Fintech firm Qolo has deepened its partnership with KeyBank to roll out Key Virtual Card, branded KeyVC, a new virtual commercial card program built directly into KeyBank’s existing treasury infrastructure. The announcement, made May 1, 2026, marks a significant expansion of a relationship that began when KeyBank’s Virtual Account Management platform (KeyVAM) launched in 2024.
The Qolo KeyBank virtual commercial card program gives KeyBank’s commercial clients the ability to create and manage virtual cards from within the same KeyVAM platform they already use for cash and treasury management. That integration is the central pitch: instead of toggling between separate systems for card spending and traditional payment workflows, finance teams can now handle supplier payments, reconciliation, and oversight in one unified environment.
Qolo powers the backend of the program, handling card issuance and processing, fraud monitoring, dispute resolution, and chargebacks.
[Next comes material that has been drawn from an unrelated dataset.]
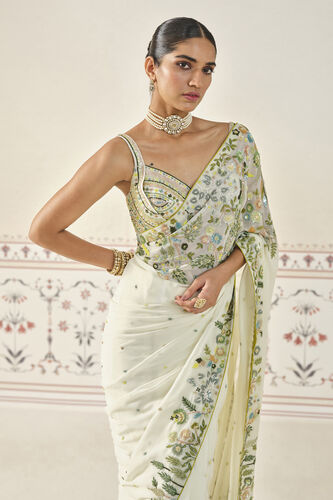 Rema Embroidered Saree Set - Cream, Cream, image 5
It is the kind of fintech-as-infrastructure play that lets an established bank like KeyBank deliver a modern card product without building the technology stack from scratch.
John Withrow, Head of Commercial Cards at KeyBank, said the expansion was driven by demand for simpler, more controlled payment options. “By expanding our partnership with Qolo, we’re making virtual cards easier to use within our existing treasury platforms, helping clients streamline accounts payable, improve visibility, and maintain better control over how and when money is spent,” he said.
Rouzbeh Rotabi, Chief Operating Officer at Qolo, framed KeyVC as a tool designed to reduce the complexity of managing multiple payment systems. “Working with KeyBank, we’ve built a virtual card solution that feels like a seamless part of the treasury environment, giving finance teams more flexibility, stronger controls, and clearer insight into their spending,” Rotabi added.
The Qolo KeyBank virtual commercial card program will be made available to clients in KeyBank’s Middle Market and Institutional Banking segments, a target audience that has been under mounting pressure to automate accounts payable and tighten spending controls heading into the second half of the decade.
The move reflects a broader trend in commercial banking where the boundary between traditional treasury services and fintech-powered payment tools is increasingly difficult to draw. For Qolo, the expanded role with KeyBank cements its positioning as infrastructure for institutional finance, not just a payment processor. For KeyBank, it is a way to compete on product depth without the timelines of in-house development.
Whether KeyVC delivers on its promise of consistent, real-time reporting across payment types will ultimately determine how sticky the offering becomes for corporate finance teams, for whom end-of-month reconciliation headaches remain a very real operational pain point.